Using Denormalization in Database Design
Denormalization of a database design is a legitimate tool, when used appropriately. And there are circumstances where one obtains improvements in performance by doing some form of data structure morphing. However, it is simply sad and sometimes even silly to see designs denormalized as a matter of course. The act of planning to write code should not start off with a developer simply requesting database design changes without the prior experience of poor performance.
This development approach is like a housing contractor about to build a new structure, who assumes the family that will buy the soon-to-be-built home might someday give birth to a child destined to become seven-foot tall or more, because the contractor heard of the situation happening somewhere, sometime, previously. Therefore he/she adjusts the plans so that all doorways are a foot-and-a-half taller than standard. Should the extra-tall child appear, the parents and child will very much appreciate the additional headroom. But, obviously, that circumstance may never appear.
Similarly, solutions development should start with completely normalized database designs. Let real performance issues drive which changes may occur. In a healthy development lifecycle, reworking to tune performance is exactly what refactoring is all about.
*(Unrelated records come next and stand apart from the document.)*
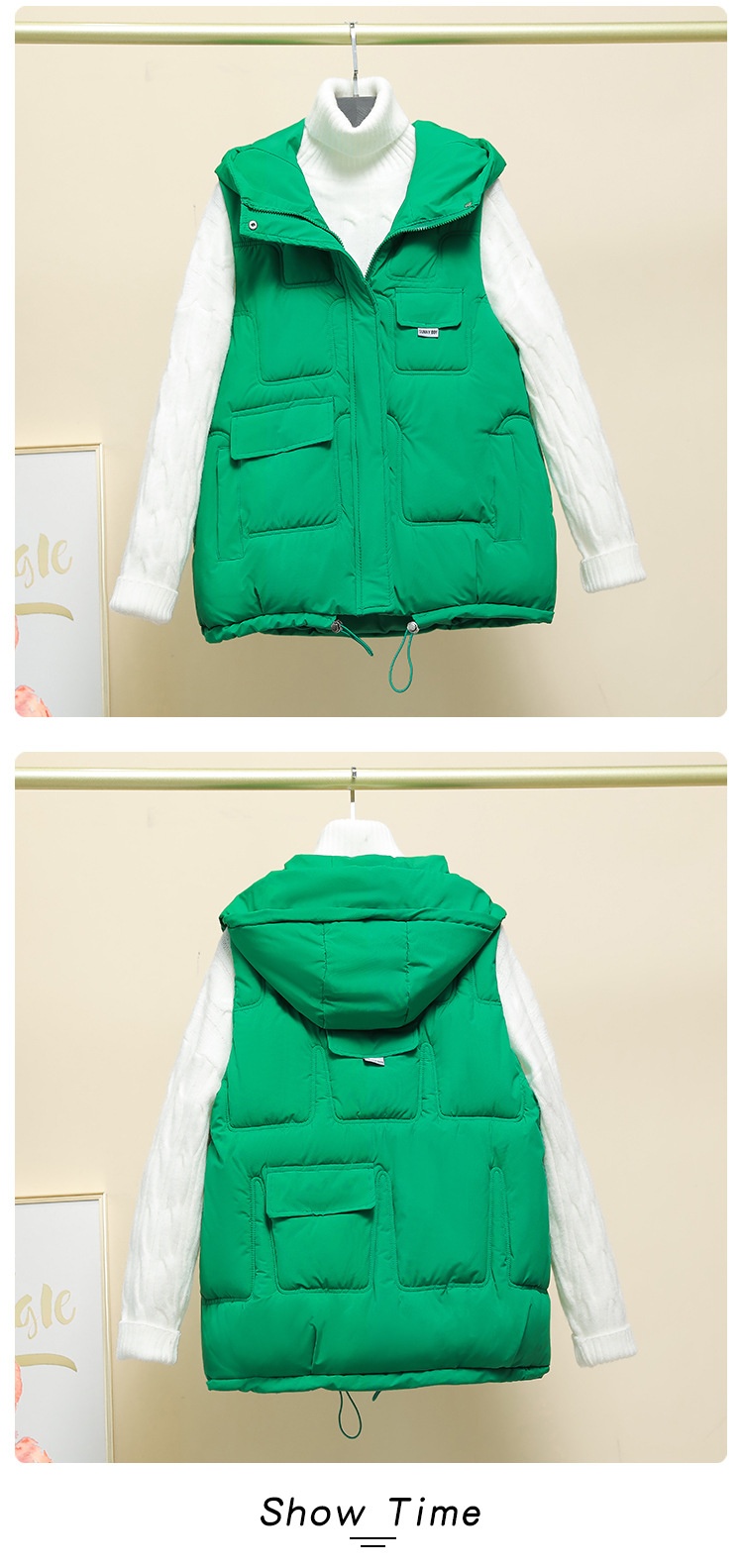 Herbst/Winter 2023: Neue figurformende Kapuzenweste im koreanischen Stil mit Wattierung für Damen_voghion.com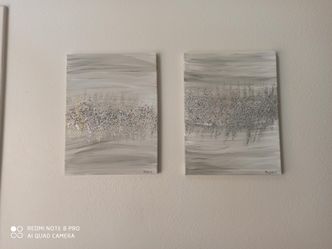 Painted canvas with glitter and crystals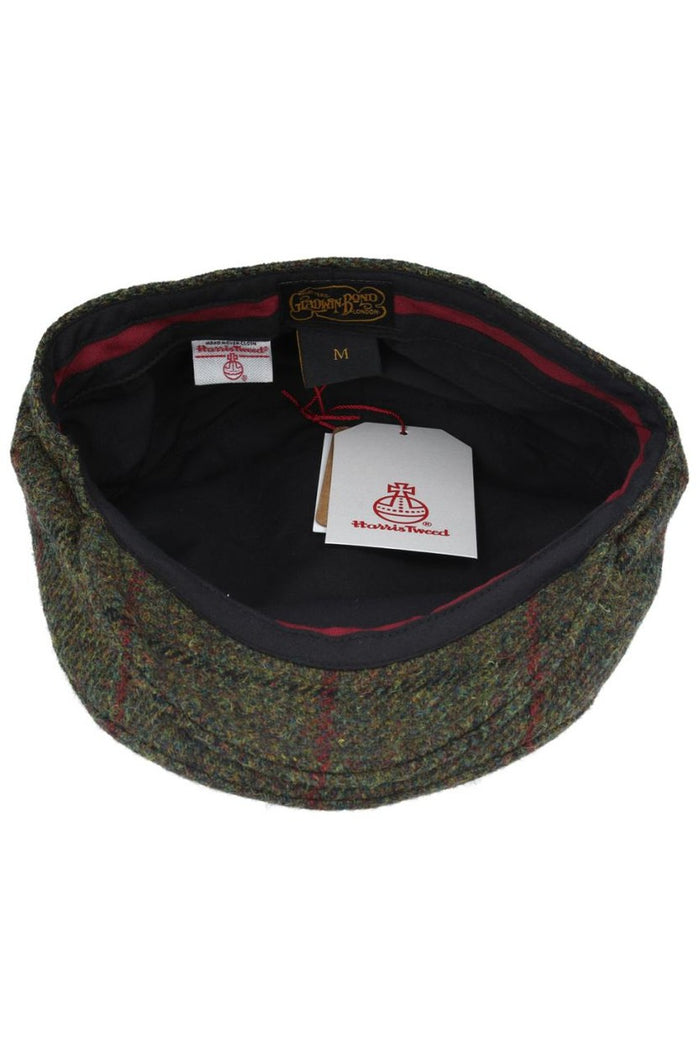 HARRIS TWEED - GREEN PURE SCOTTISH WOOL FLAT CAP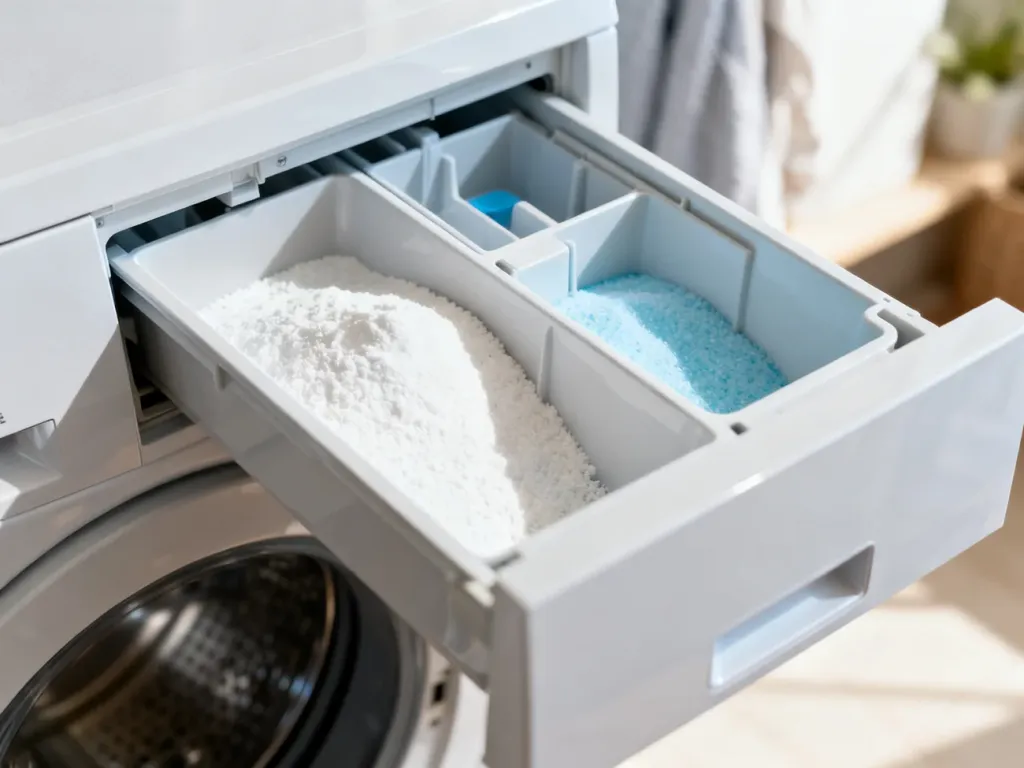 Wysunięta szuflada na detergenty w pralce Hotpoint Ariston z widocznymi przegródkami na proszek i płyn do płukania.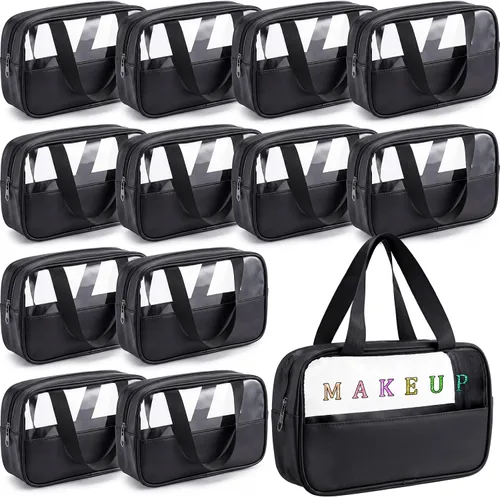 Miniatura 13 de Buryeah 9 piezas translúcidas bolsa de maquillaje organizador de artículos de tocador para mujeres y hombres, bolsa de viaje portátil impermeable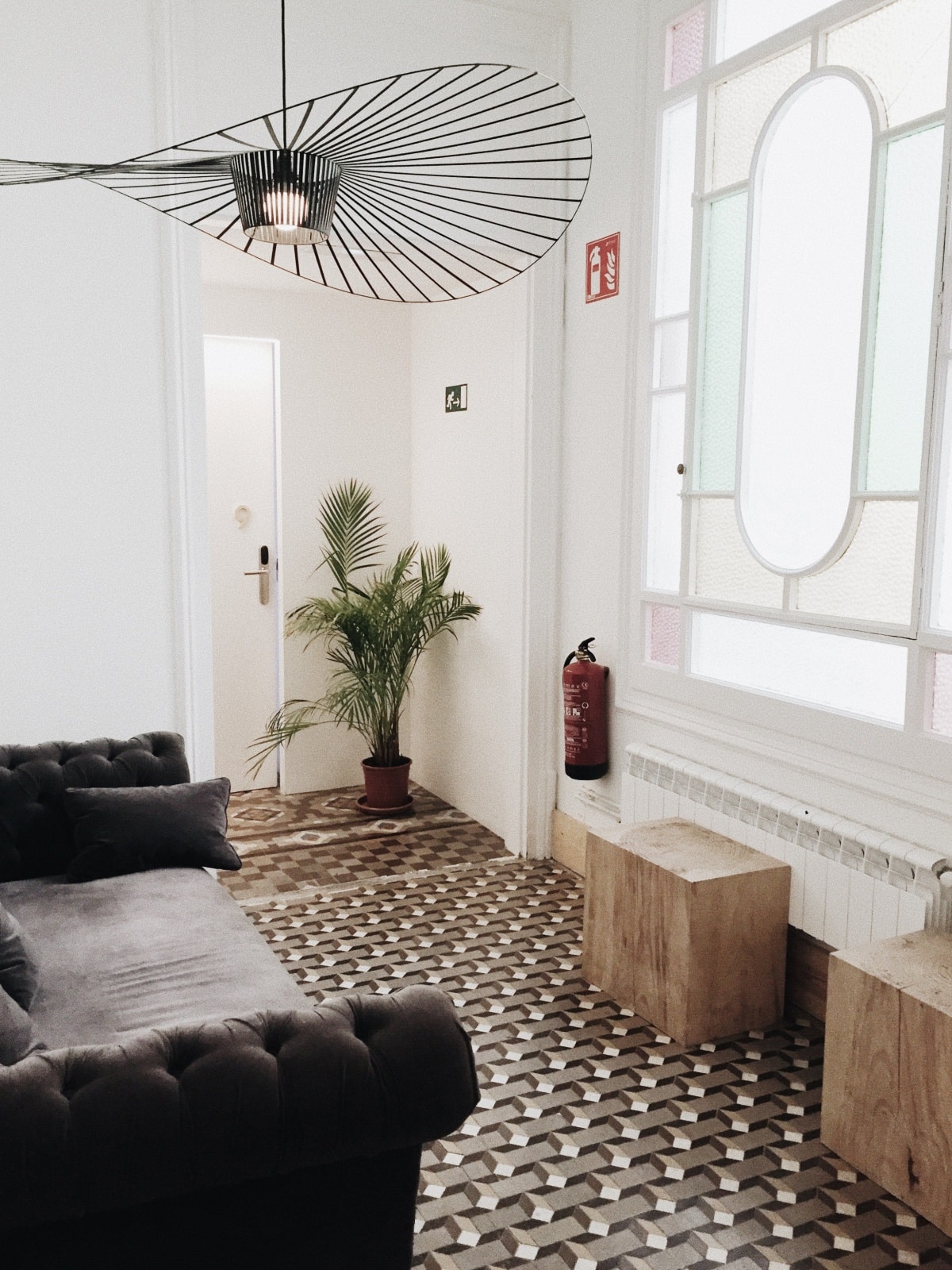 Sofa in Living Room with a translucent white window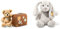 Steiff Teddybär Fynn im Koffer - 28 cm - Teddy Kuscheltier für Kinder - beweglich & waschbar - beige & Hoppie Hase - 28 cm - Plüschhase mit Schlappohren - Soft Cuddly Friends - hellgrau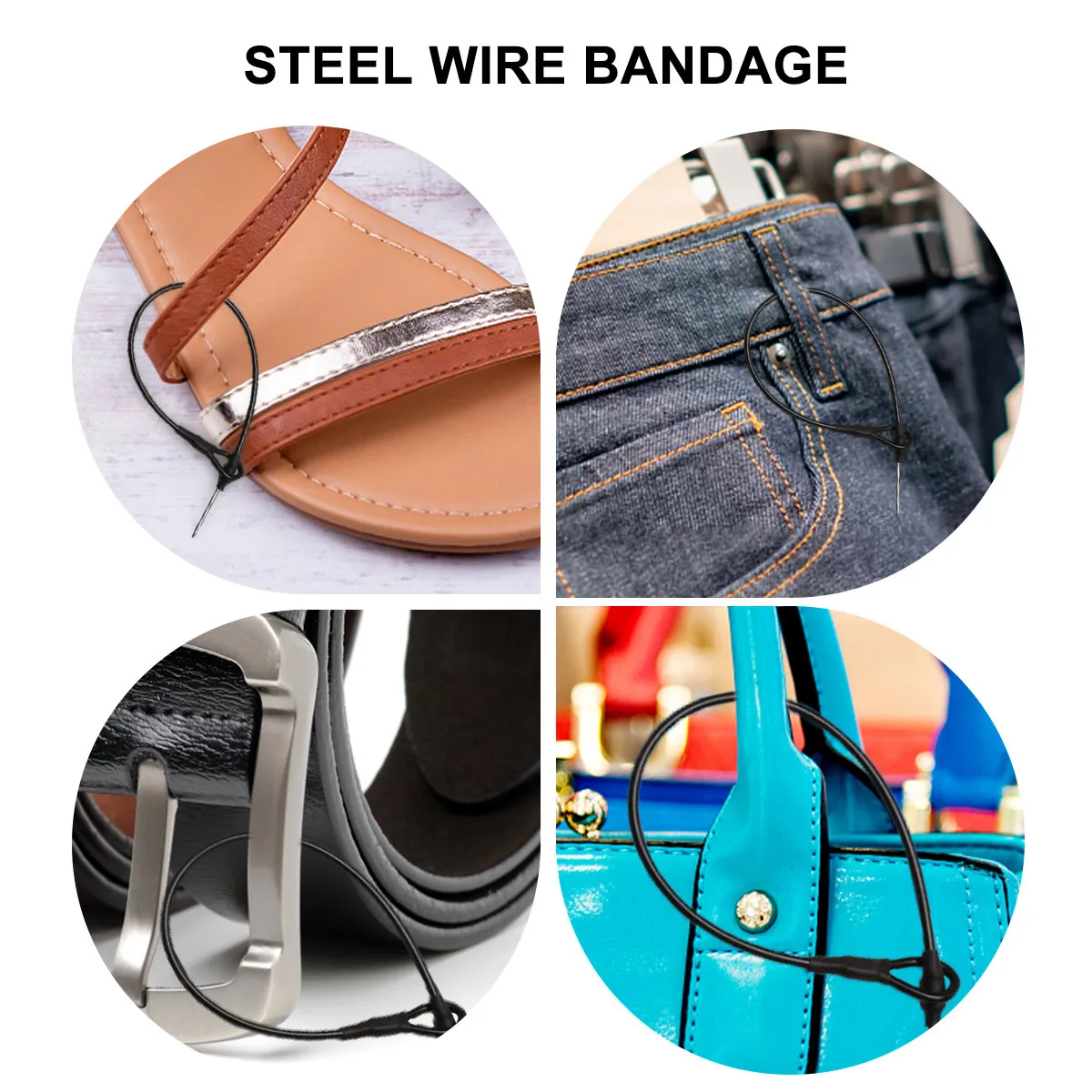 100Pcs Safety Wire Lanyards for Clothing Loss Prevention Anti-Theft Security Loop Rope Compatible with Magnetic Hard Tags Sturdy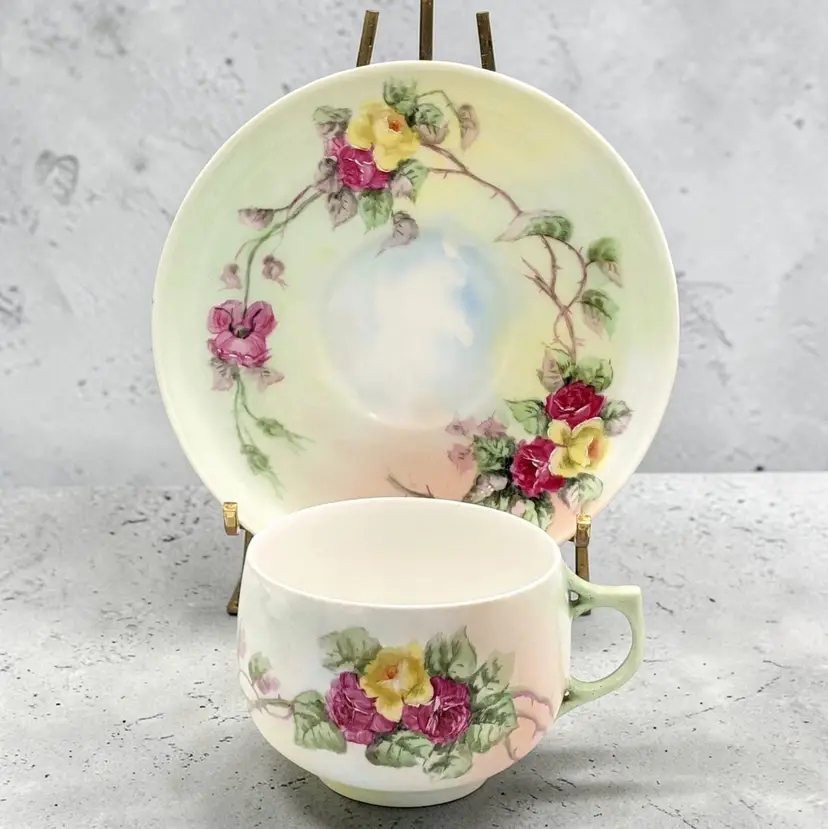 Atq AKD Klingenberg & Dwenger Porcelain Limoges France Pink Roses Cup & Saucer
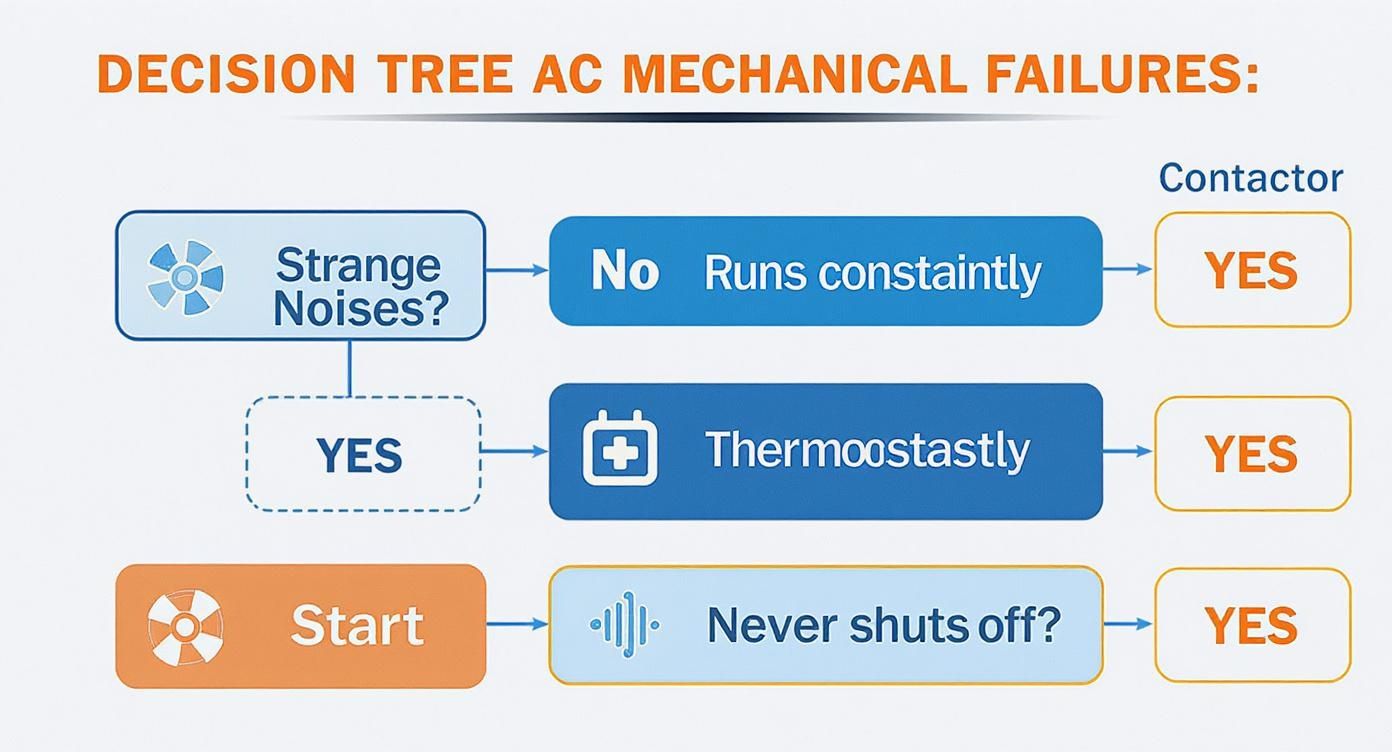 Decision tree flowchart diagnosing AC mechanical failures based on strange noises, constant running, and thermostat issues.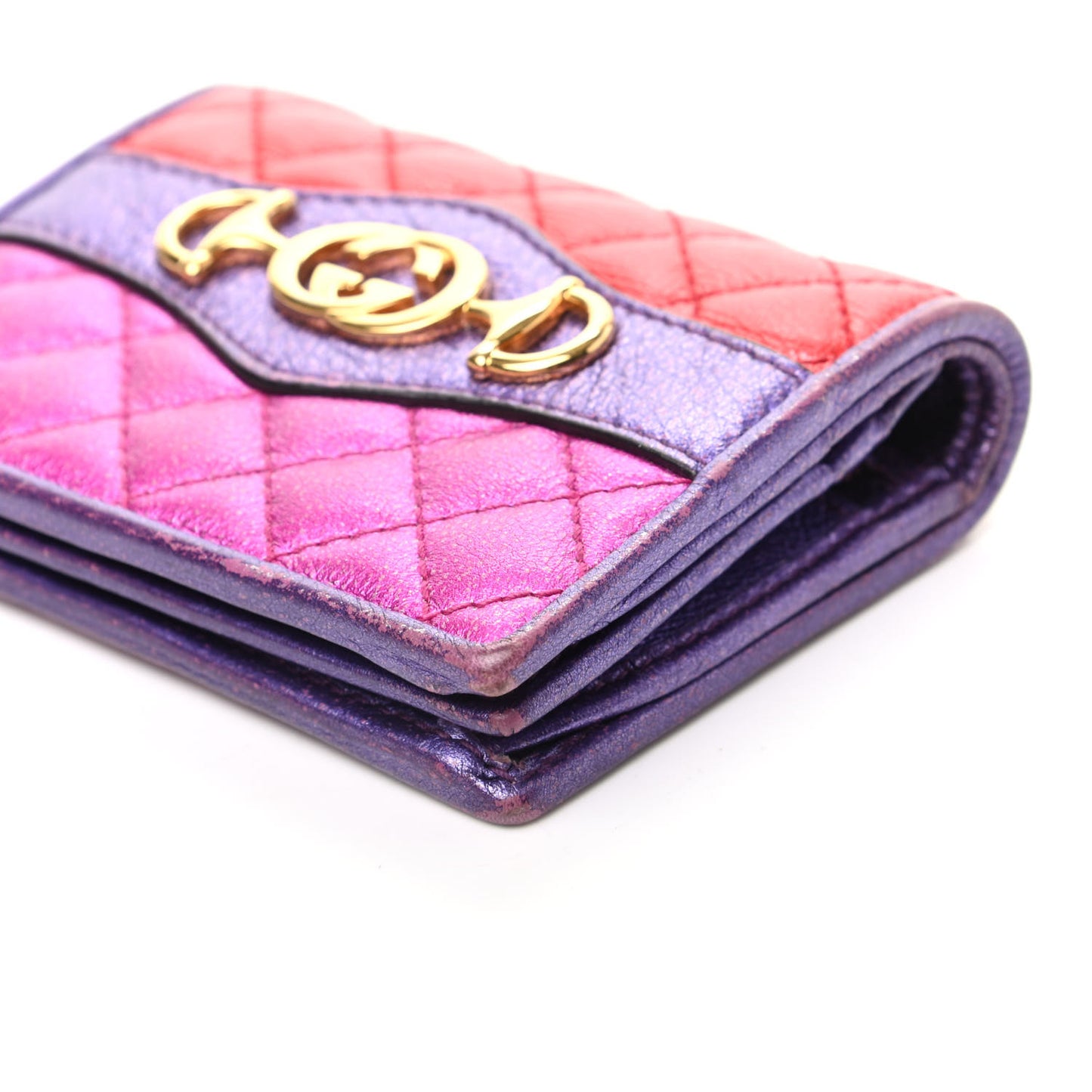 Laminated Nappa Trapuntata Zumi Card Case Rosso Fuxia Bizantin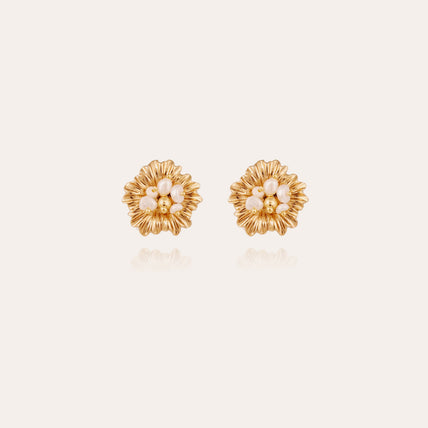 Boucles d'oreilles puces Azalée dorées - Perles de culture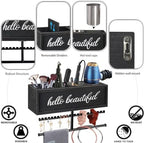 Rustic Hair Dryer Holder Wall Mounted,Hair Styling Tools & Accessories Organizer,Bathroom Supplies & hot Tools vanities Organizer Caddy,for Storage Flat Iron,Blow Dryer,Curling Iron,Towel - Image 4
Importance of the SHOW PLAN Function
Likewise, any developer writing queries against a database should be aware of the SHOW PLAN or EXPLAIN PLAN function, or whatever variant exists within the platform employed, and be comfortable using it. This function details the steps the DBMS will perform in its attempt to resolve a query. When performance issues arise, it may be possible to see exactly which things along the way are potential bottlenecks.
Understanding the nature of the bottleneck allows for problem-resolution-investigation to focus on the right things. Overcoming these bottlenecks could be as simple as adding an index, or simply an additional coverage column for an already existing index. Maybe a query needs to alter its syntax so that outer joins become a sub-query in an effort to “fake out” the DBMS optimizer into selecting a better path, or using a table-expression. Not all approaches need to jump directly to options that are destructive to the database design.
It is important to remember that relational theory and normalization techniques are intended to create data structures that are rational and “make sense” with regard to the semantics surrounding our circumstances. And, in making sense, they should assist in guiding the processes using the data in the right kinds of approaches and choices. Relational theory is not based on the sole concept of fastest performance; because the “fastest performance” is constantly fluid in its approach and constantly changing in its implementation.
The relational theory aspects relate to the presentation of the data to the user, not to what happens “under the hood.” The original expectation was that performance, and enhancements to it, would be kept under the hood from the database users while the presentation of the “theory” was put forward. Vendors were expected to work toward optimizing performance while not mangling the external rationalized semantics. Far too often, DBMS vendors have exposed the under-the-hood bits, and asked us to accept those quirks as though they are just as valid as theory—the old, “It’s not a flaw, it’s a feature” argument.